Saved data entries:
—————
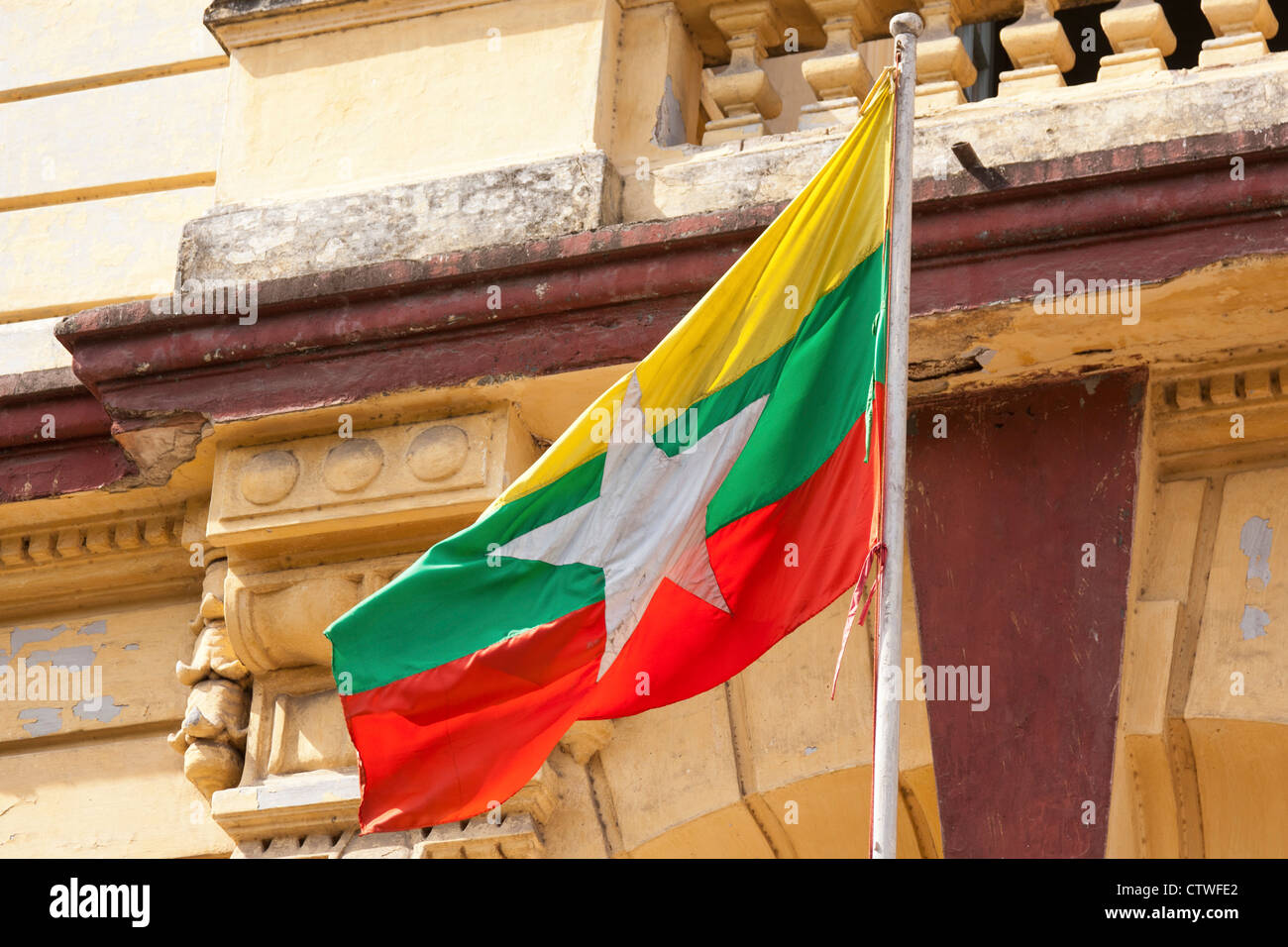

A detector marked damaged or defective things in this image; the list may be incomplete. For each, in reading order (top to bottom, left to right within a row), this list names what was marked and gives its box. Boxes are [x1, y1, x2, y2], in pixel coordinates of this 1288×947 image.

peeling paint [1231, 515, 1272, 589]
peeling paint [1236, 602, 1267, 641]
peeling paint [16, 705, 60, 736]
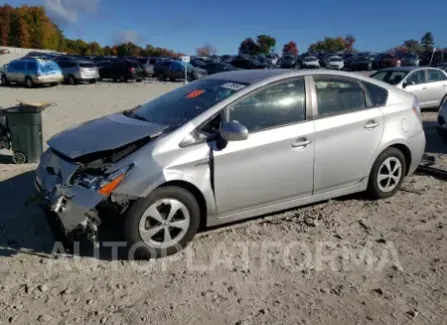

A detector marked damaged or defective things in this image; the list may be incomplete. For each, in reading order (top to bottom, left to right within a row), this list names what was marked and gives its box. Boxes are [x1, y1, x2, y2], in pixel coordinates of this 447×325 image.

wrecked hood [47, 112, 168, 159]
damaged silver toyota prius [32, 69, 428, 256]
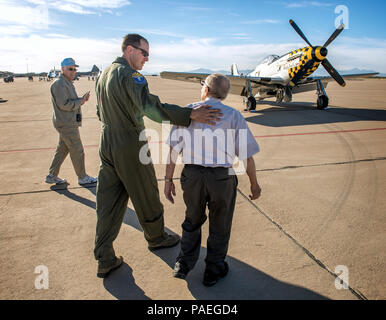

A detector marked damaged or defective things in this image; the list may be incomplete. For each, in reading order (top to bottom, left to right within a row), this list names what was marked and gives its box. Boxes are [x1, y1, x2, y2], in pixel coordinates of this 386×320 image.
—————
- To do:
Print every line above exactly. Leave the pictures out.

- Your solution:
A detector marked damaged or defective things in this image; the list may be incomplete. For each, in reading order (top to bottom, left to right within a row), this list names what was marked and gives its box. Boxes are [x1, y1, x2, y2], in pixel coordinates of this 1288×947 image.

peeling paint [1231, 515, 1272, 589]
peeling paint [1236, 602, 1267, 641]
peeling paint [16, 705, 60, 736]

A detector marked damaged or defective things in this image; the list may be incomplete. For each, in reading order (top to bottom, left to right within a row), this list names what was marked and gives its box. Boxes are [x1, y1, x2, y2], in pixel coordinates of this 447×325 image.

wrecked hood [47, 112, 168, 159]
damaged silver toyota prius [32, 69, 428, 256]

A detector marked damaged or defective things in this image; the list may be incomplete. For each, in reading order (top to bottom, left to right within a row), this list names what was marked and gives its box. Boxes are [x1, y1, x2, y2], in pixel coordinates of this 386×320 image.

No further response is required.